C’est en 1871 que les finances russes ont atteint pour la première fois les bords escarpés de l’équilibre budgétaire. Jusqu’à cette date récente, le poids des charges imposées par la guerre de Crimée et l’émancipation des serfs retenait le budget dans le déficit. Le revenu avait beau s’élever, les dépenses grandissaient plus vite encore. En 1866, le déficit annuel était de 60 millions de roubles; en 1868, de 19 millions; en 1870, de 5 millions. Depuis 1871, la balance est renversée, et, sauf un léger écart en 1873, elle est toujours demeurée du côté des recettes. Les excédans sont devenus habituels et ont été en grossissant : 14 millions de roubles en 1874, 33 millions en 1875. C’est pour cette seule année, en comptant le rouble au cours avili des derniers mois, un boni d’une centaine de millions de francs[1]. Ce dernier exercice a présenté un double phénomène partout d’une extrême rareté : les dépenses de 1875 ont été inférieures aux dépenses de l’an précédent, et elles sont demeurées au-dessous des prévisions et des allocations budgétaires. Grâce à l’excédant des recettes en 1875 et aux reliquats des exercices antérieurs, le trésor avait en caisse, au 1er janvier 1876, une somme entièrement disponible de plus de 40 millions de roubles.

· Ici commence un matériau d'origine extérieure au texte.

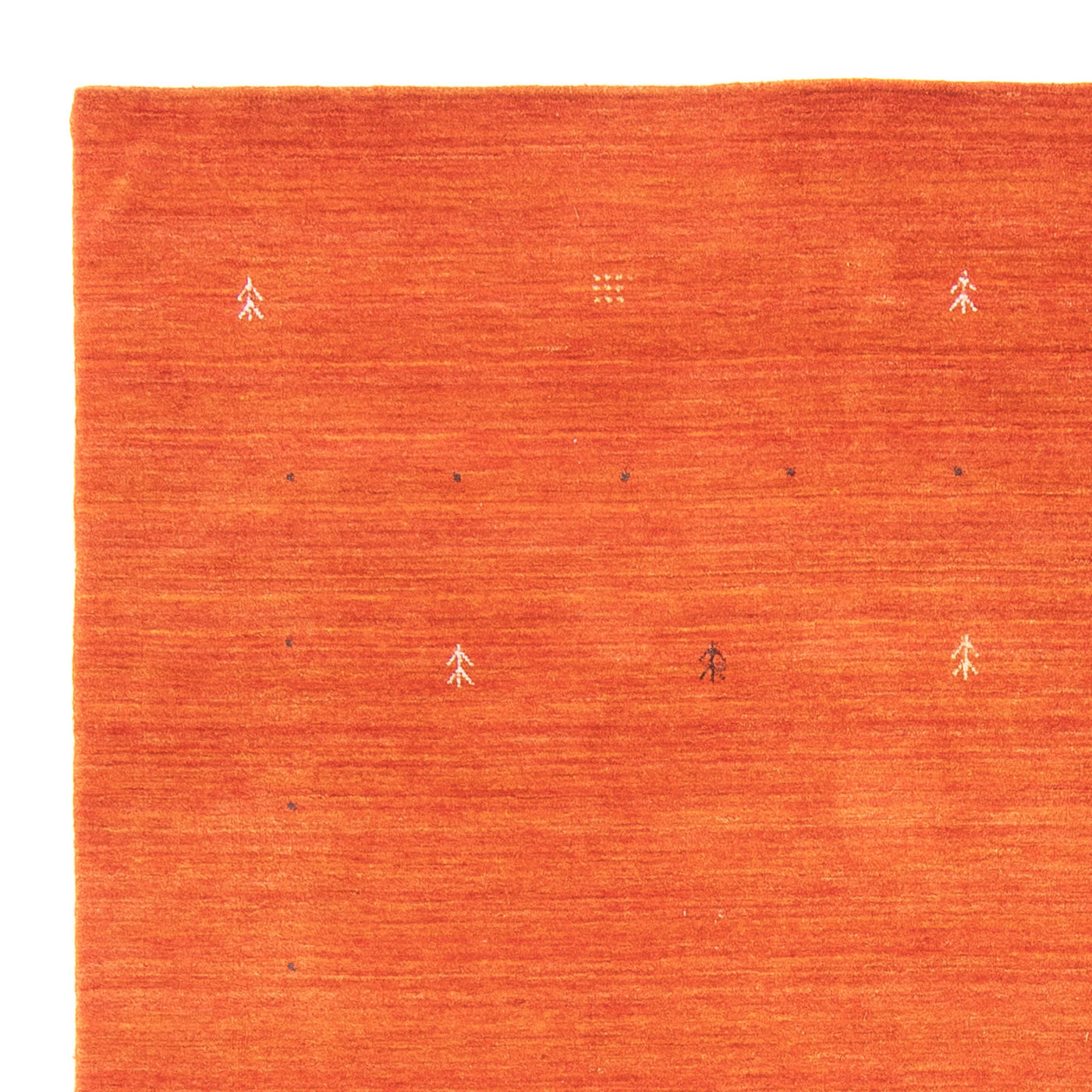 Gabbeh Loom Dywan 244x172cm - Dywan wełniany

Ce brillant résultat n’a été atteint qu’avec une sévère économie, en mesurant rigoureusement les crédits accordés aux services publics. Dans la dernière période quinquennale, les dépenses ne se sont accrues que de 8 à 9 pour 100; dans les deux dernières années (1874 et 1875), elles sont même restées à peu près stationnaires. Ce fait montre la sagesse du gouvernement russe et aussi le besoin de ménagement et de paix qu’ont ses finances. Pendant longtemps, le grand ennemi de l’équilibre a été l’habitude des diverses administrations de réclamer des crédits supplémentaires. Les efforts du conseil de l’empire, stimulé par les rapports du contrôleur, sont en train de clore peu à peu cette porte de derrière par où les différens services échappaient aux limites budgétaires. Les supplémens de crédit, dont jusqu’en 1872 la moyenne annuelle montait à 35 millions de roubles, ont été ramenés à 26 millions en 1873, à 23 en 1874. Pour 1875, les allocations extraordinaires avaient été réduites à moins de 16 millions, qui ont été fournis par le budget

  1. Le rouble, on le sait, vaut au pair 4 francs. Les événemens d’Orient ont fait tomber le rouble de papier à 3 francs et au-dessous.